Write out exactly the lines running from the one with "JCurran_PAES's tweet photo." to the end of the data, including both of those lines and excluding pictures.

[[ DATA FOR PROCESSING, beginning ]]

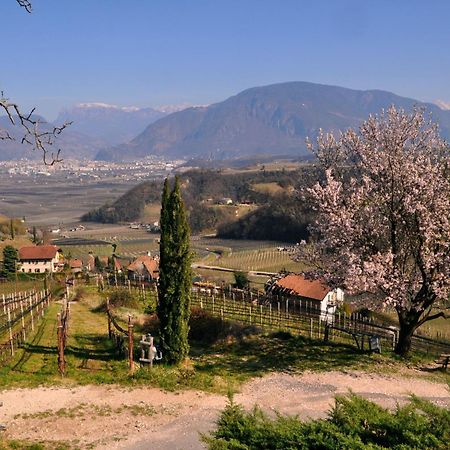 Firmelein Apartment Appiano Sulla Strada Del Vino Bagian luar foto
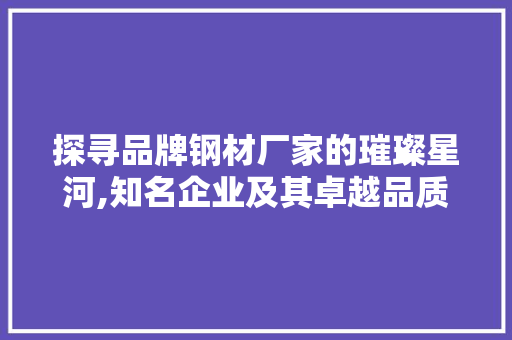 探寻品牌钢材厂家的璀璨星河,知名企业及其卓越品质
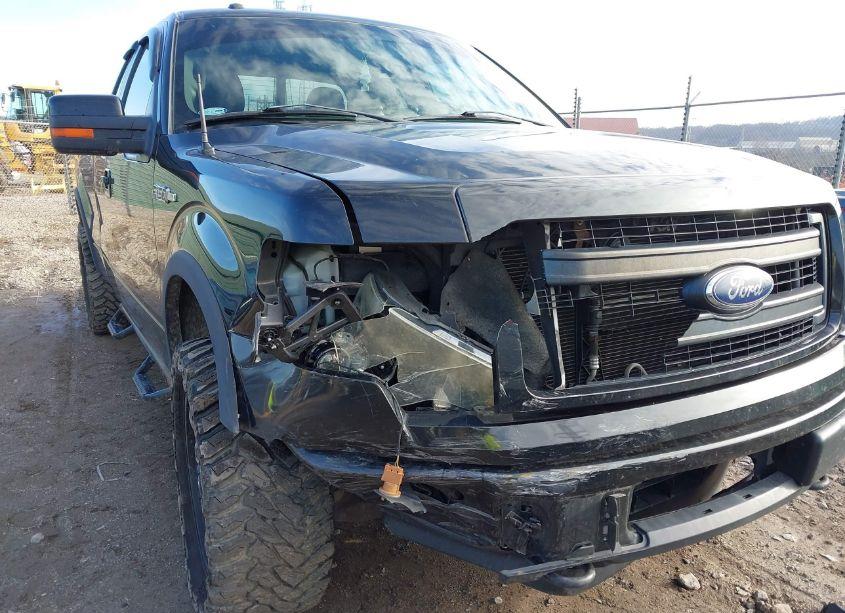 Photo 6 of 2013 Ford F-150 FX4 (VIN 1FTFX1EF1DKE41557)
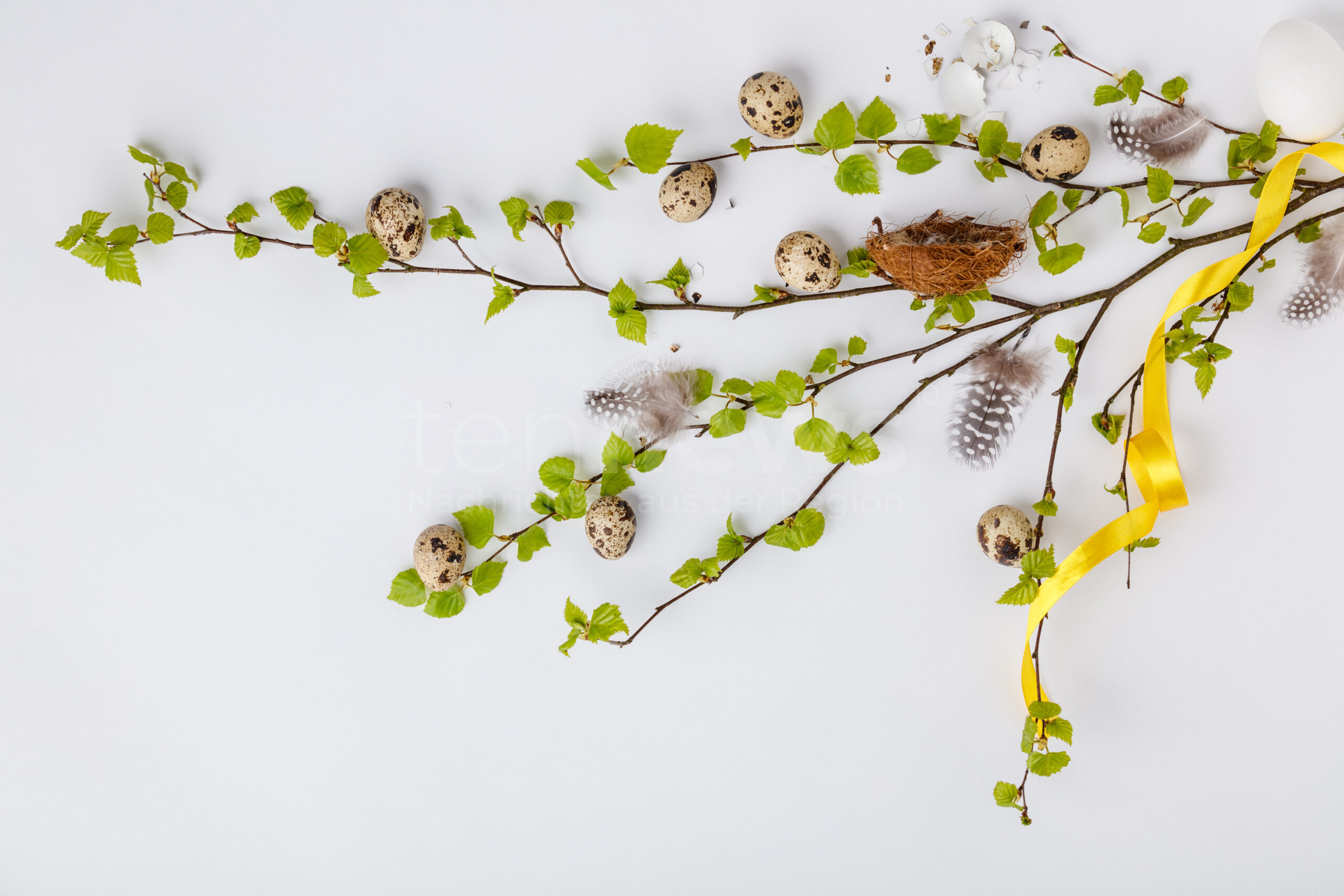 🌿 🌸 Naturmaterialien verwandeln Ihre Wohnung in ein Frühlingsparadies! Entdecken Sie kreative DIY-Ideen für nachhaltige Frühlingsdeko aus Zweigen, Moos und Blüten für Balkon und Zuhause.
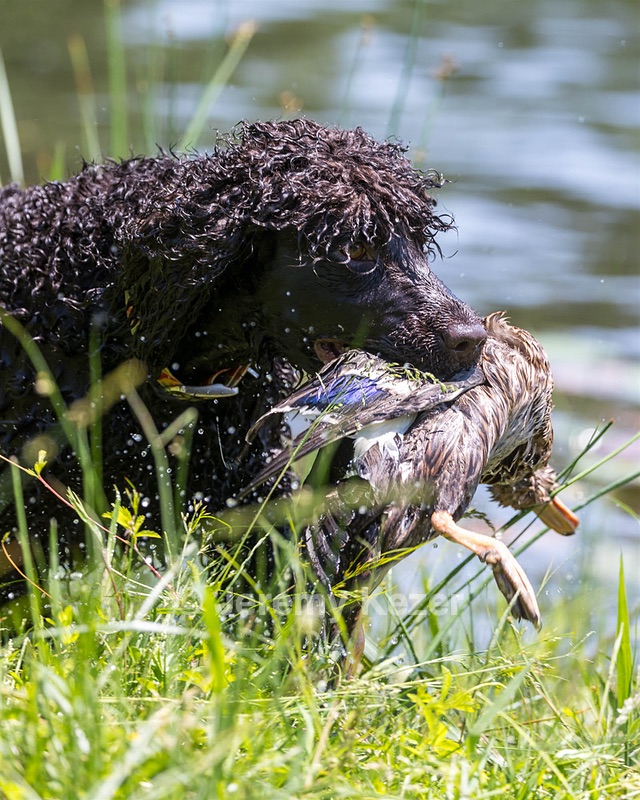 Ghillie Kezer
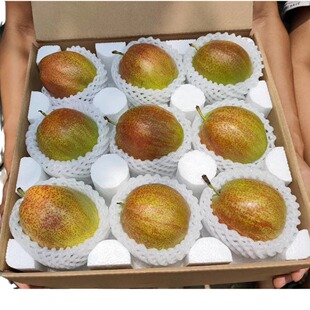 ����� ������棡�젖�������������޽ӵĻ�Ѫ��5��������]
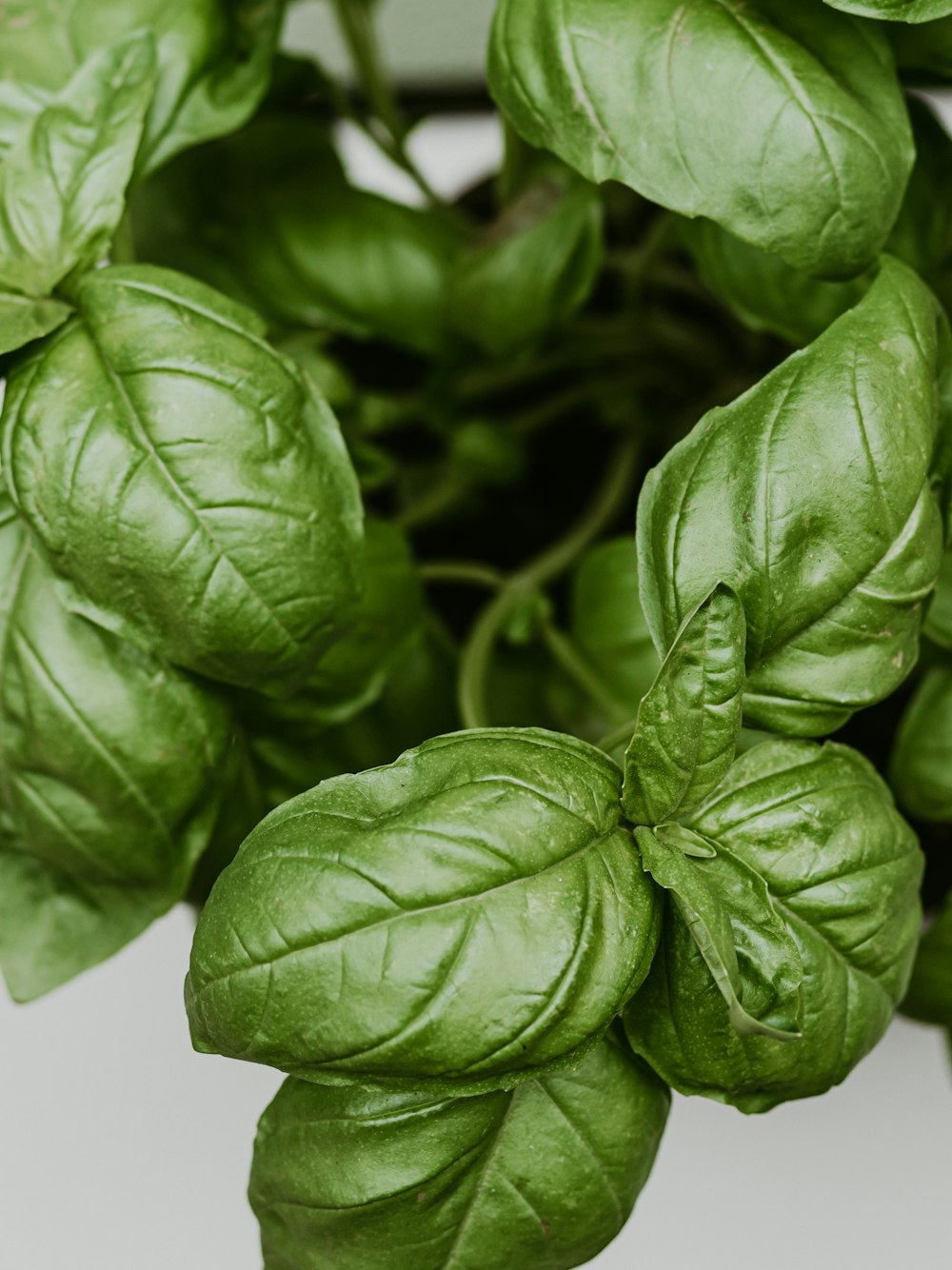 a close up of a bunch of green leaves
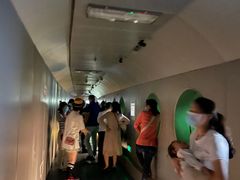 -白鹤梁水下博物馆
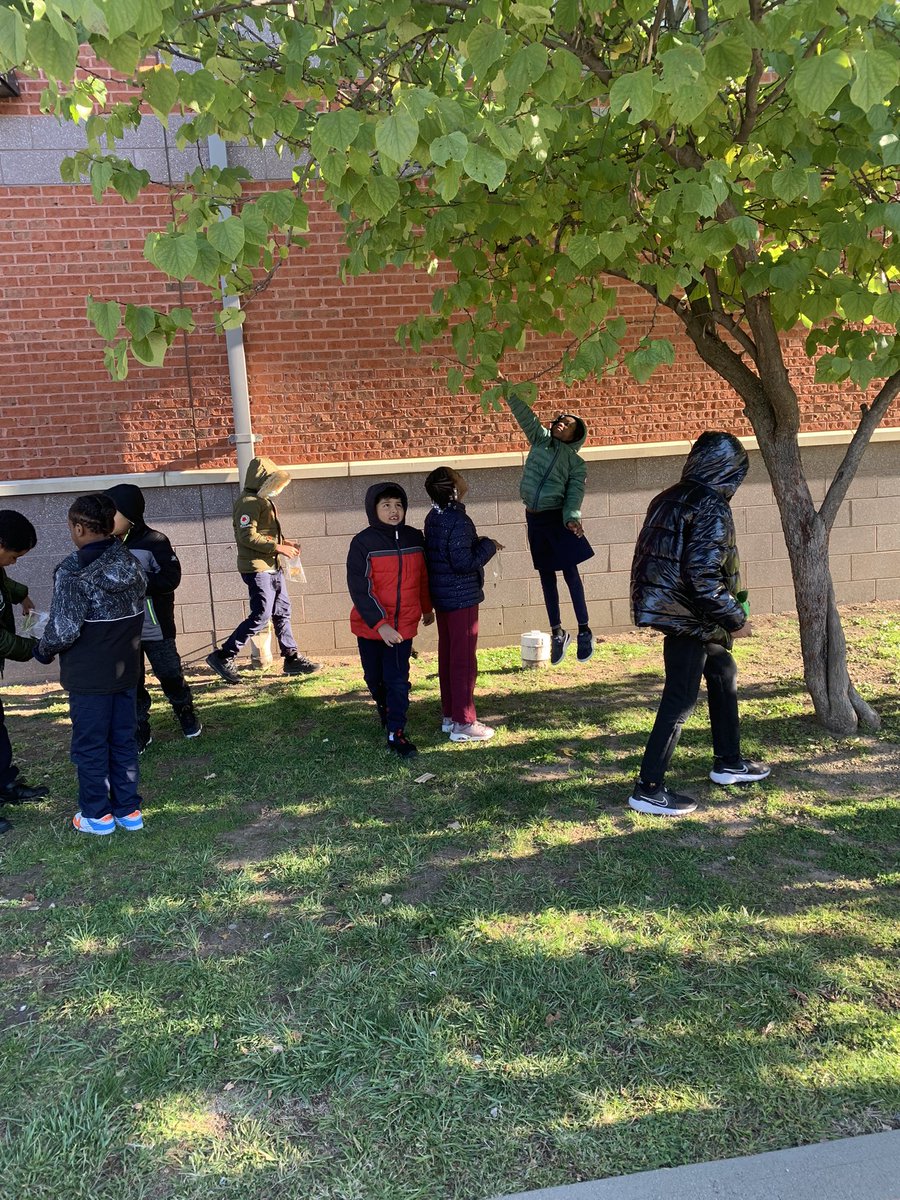JCurran_PAES's tweet photo. Spending the morning outside collecting natural materials so we can study the effects of rain! #parkavestrong #goodtogreat @PAES231 @Principal_MH @UrbanEducator81 @Gerald_Fitzhugh https://t.co/Ki9O14yHoD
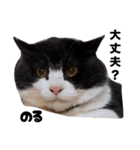 三兄弟と愉快な保護猫達シリーズ⑤（個別スタンプ：2）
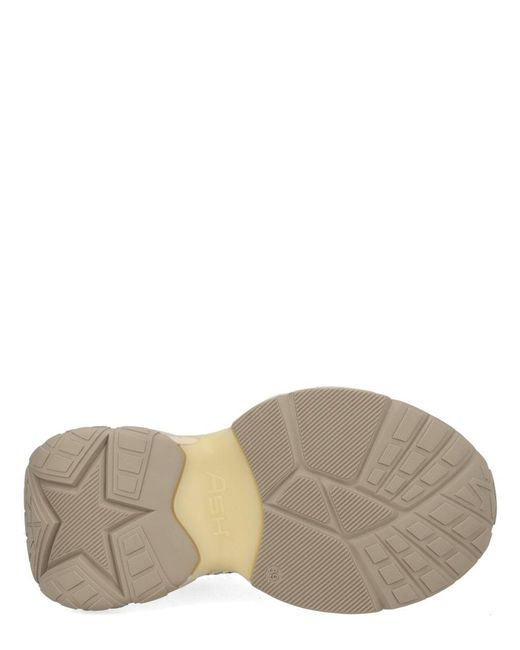 Ash White "Dragon" Sneaker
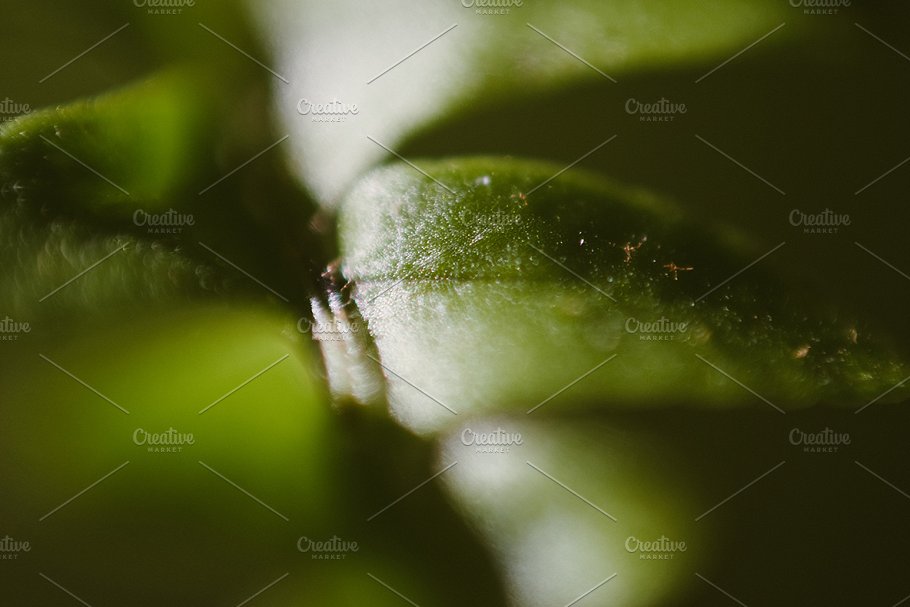 植物花卉特写镜头高清照片素材 Organic 2插图(6)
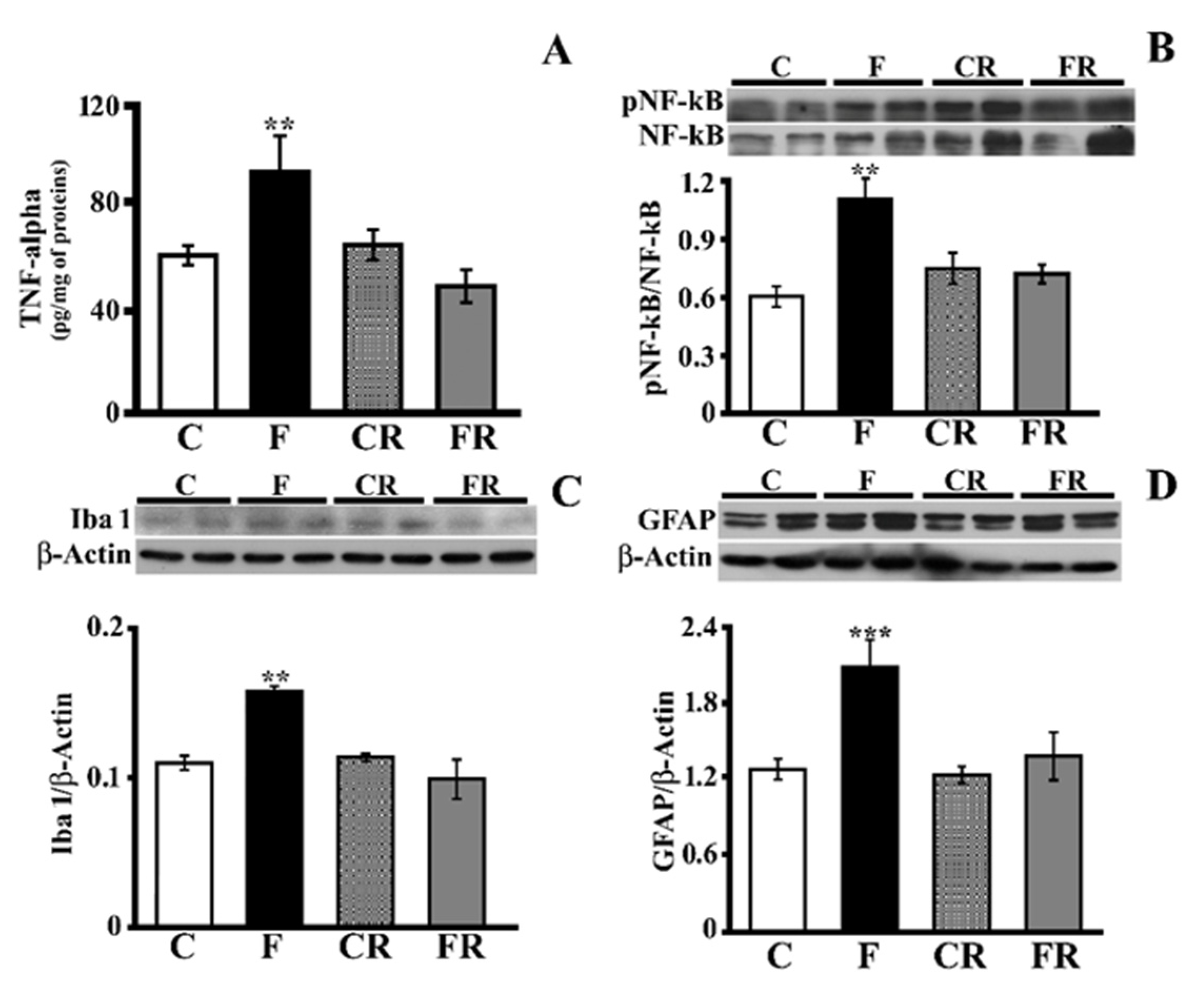 Antioxidants 10 00487 g002 Antioxidants 10 00487 g002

[[ DATA FOR PROCESSING, end ]]

§ WRITTEN SOLUTION:
JCurran_PAES's tweet photo. Spending the morning outside collecting natural materials so we can study the effects of rain! #parkavestrong #goodtogreat @PAES231 @Principal_MH @UrbanEducator81 @Gerald_Fitzhugh https://t.co/Ki9O14yHoD
 三兄弟と愉快な保護猫達シリーズ⑤（個別スタンプ：2）
 Ash White "Dragon" Sneaker
 植物花卉特写镜头高清照片素材 Organic 2插图(6)
 Antioxidants 10 00487 g002 Antioxidants 10 00487 g002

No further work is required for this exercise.